After recognizing that spending is out of control, her budget strategy was stated as “maintaining Medicaid spending at current natural levels of growth.”

However, there is nothing “natural” about the current surge in Medicaid spending.

With the state’s economy flourishing, a low unemployment rate, and a decreasing poverty rate, one would expect less demand for what is intended to be a safety-net health plan for the impoverished and disabled.


Governor Kathy Hochul proposing a budget increase for Medicaid backed by a graph
The governor is proposing to raise the state-funded segment of Medicaid by $6.4 billion, or 17%, in just one year.

As an explanation, Hochul and her team pointed out that Medicaid enrollment is still 900,000 above pre-pandemic levels.

They failed to mention that enrollment peaked in 2023 and has since dropped by 1.1 million. Logically, Medicaid costs should be decreasing now.

Instead, they are soaring — mainly because in Albany, Medicaid has transformed from merely aiding the needy to becoming a resource for the health-care industrial complex, often disconnected from the actual needs of the poor or disabled.

One of Hochul’s latest Medicaid-funded initiatives aims to “recruit and train thousands more health care workers,” despite New York already having the highest per capita health-care workforce in the nation.

Predictably, a portion of that funding will go to 1199 SEIU, the state’s largest and most influential health-care union.

Additionally, there are ongoing financial bailouts for “distressed” hospitals, which often struggle because patients have migrated to other providers.

In essence, the state is financing underperforming facilities to hire staff and maintain their increasingly vacant wards.

A hallmark of Hochul’s extravagant tactics is a recently implemented tax on managed care organizations, intended to secure an additional $3.8 billion in federal Medicaid funding over the next two years — after which Washington is expected to eliminate the loophole enabling this funding.

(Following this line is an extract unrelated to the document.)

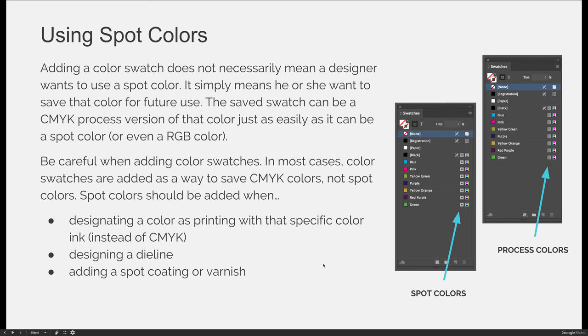Be careful when adding color swatches. In most cases, color swatches are added as a way to save CMYK colors, not spot colors. Spot colors should only be added when you are doing it for a very purposeful reason — to designate a color as a printing color with that specific ink, to designate a dye line, to add a spot coating or varnish, foil stamping, embossing and debossing, or for communicating to a particular type of digital printer. For example, I have to use a very specific spot color to tell our lab printer to cut or to print an opaque white color.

This is ultimately a short-term influx of funds, yet Hochul plans to utilize it for increasing Medicaid reimbursement rates for hospitals, nursing homes, and other care providers — creating a costly gap to bridge once the funding is depleted.

Moreover, her budget overlooks the most pressing issues within the health-care system.

What initiatives are in place to finally compel New York’s hospital sector to enhance their quality rankings, which rank among the lowest nationally? Or to reduce their average emergency room wait times, which average 3 hours and 22 minutes, ranking fifth worst in the nation?

What measures is she taking to address patient neglect and profiteering in nursing homes, as highlighted by lawsuits from Attorney General Letitia James?

On the subject of affordability — a term frequently mentioned nowadays — why isn’t Hochul striving to lower health insurance premiums, which are among the highest in the nation, largely due to state-imposed taxes and regulations?

The answer is clear: The health-care sector is the richest and most well-organized lobbying group in the state.

These entities support politicians who provide them funding and retaliate against those who challenge the lack of value in their initiatives.

Hochul’s Medicaid spending spree isn’t leading to improved care for New Yorkers. It’s merely buying her a temporary respite from the hospital lobby’s critical advertisements.

Taxpayers can only speculate on how much more this strategy will cost by 2026, when she and the entire Legislature will be up for re-election.

Bill Hammond serves as the senior fellow for health policy at the Empire Center.